Fu J, Huo G, Feng L, Mao Y, Wang Z, Ma H, Chen T, Zhao X - Biotechnol Biofuels (2016)

Bottom Line: Next, both pta and ldh gene were deleted to decrease the accumulation of the byproducts, acetate and l-lactate.We further introduced the meso-2,3-BD dehydrogenase coding gene budC from Klebsiella pneumoniae CICC10011, as well as overexpressed alsSD in the tetra-mutant (ΔacoAΔbdhAΔptaΔldh) to achieve the efficient production of chiral meso-2,3-BD.This work offered a novel strategy for the production of chiral pure meso-2,3-BD in B. subtilis.

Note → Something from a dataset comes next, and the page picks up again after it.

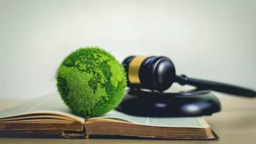Defesa em Processos Ambientais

View Article: PubMed Central - PubMed

Affiliation: Key Laboratory of Systems Bioengineering (Ministry of Education); SynBio Research Platform, Collaborative Innovation Center of Chemical Science and Engineering (Tianjin), School of Chemical Engineering and Technology, Tianjin University, Tianjin, 300072 People's Republic of China.

ABSTRACT

Background: 2,3-Butanediol (2,3-BD) with low toxicity to microbes, could be a promising alternative for biofuel production. However, most of the 2,3-BD producers are opportunistic pathogens that are not suitable for industrial-scale fermentation. In our previous study, wild-type Bacillus subtilis 168, as a class I microorganism, was first found to generate only d-(-)-2,3-BD (purity >99 %) under low oxygen conditions.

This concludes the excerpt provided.